State-owned airline takes a nosedive resuming operation
Domestic flights operation of Biman Bangladesh Airlines has taken an unprecedented nosedive, while some private airlines are doing pretty good. In the first half of this month the proportion of flights operated by two private airlines combined and the public airline was 276:1 consecutively. Simultaneously, the proportion of the passengers carried by the same two private airlines and the public airline was 8,167: 12 respectively.
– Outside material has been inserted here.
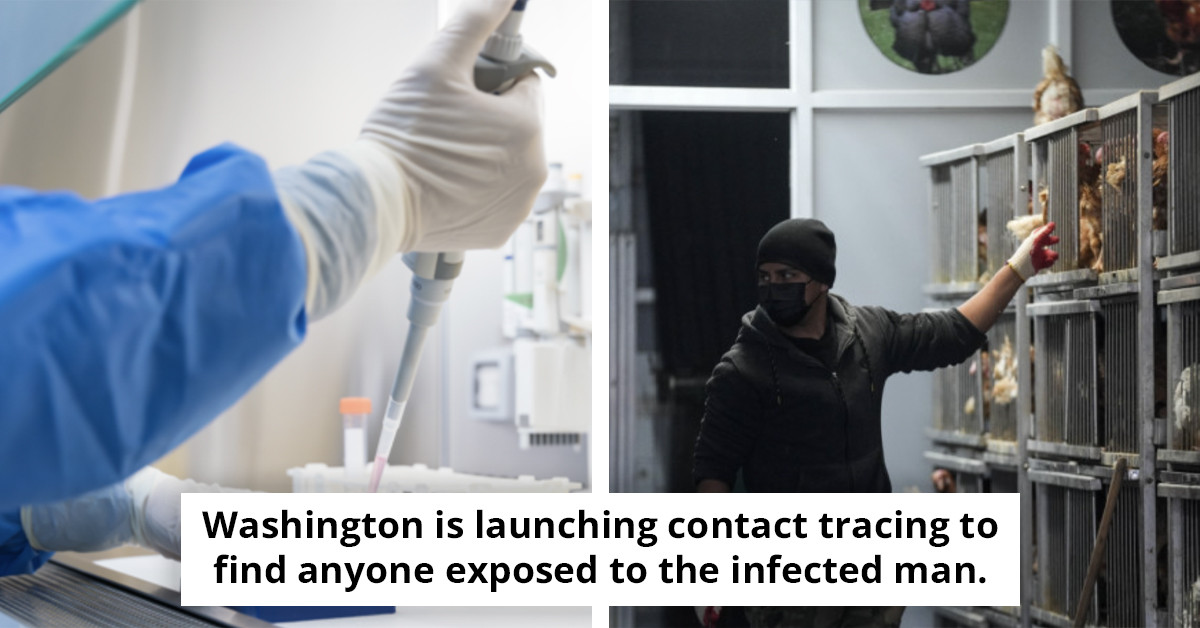 Newly Found Virus Uncovered in Man Stricken by Severe Illness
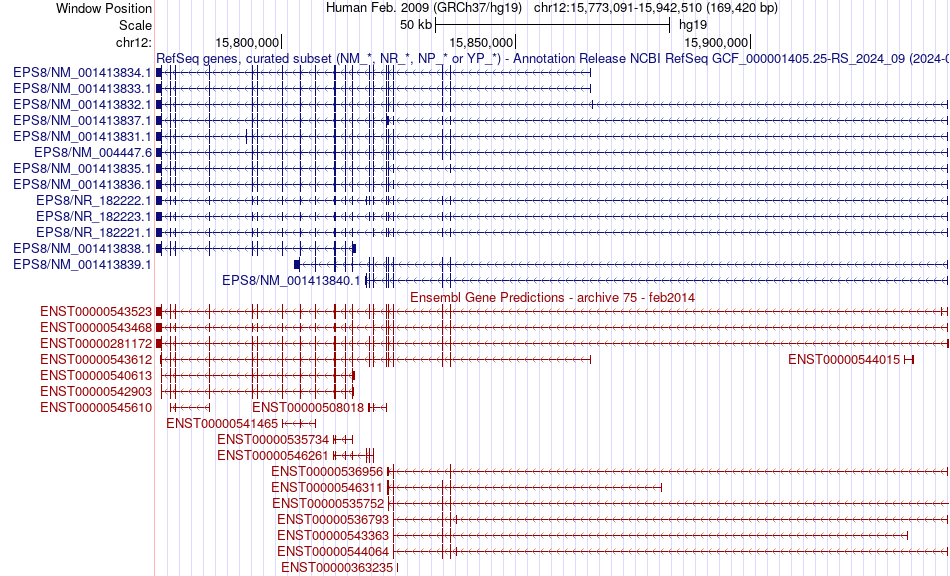 gene isoform structure of EPS8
However, the state-owned airline operated its last flight on June 1 - the day government eased the air travel restrictions. The company is not operating regular flights anymore due to the very small number of passenger. Aviation industry experts opined the main reason why people are not choosing Biman is that its tickets are more expensive than the tickets of private airlines--US-Bangla and Novoair. The private airlines have base fares at around Tk 2,000 after the lifting of restrictions which was imposed due to Coronavirus-this base fare has been recently fixed at Tk 2,500. But Biman's base fare is around Tk 3,000.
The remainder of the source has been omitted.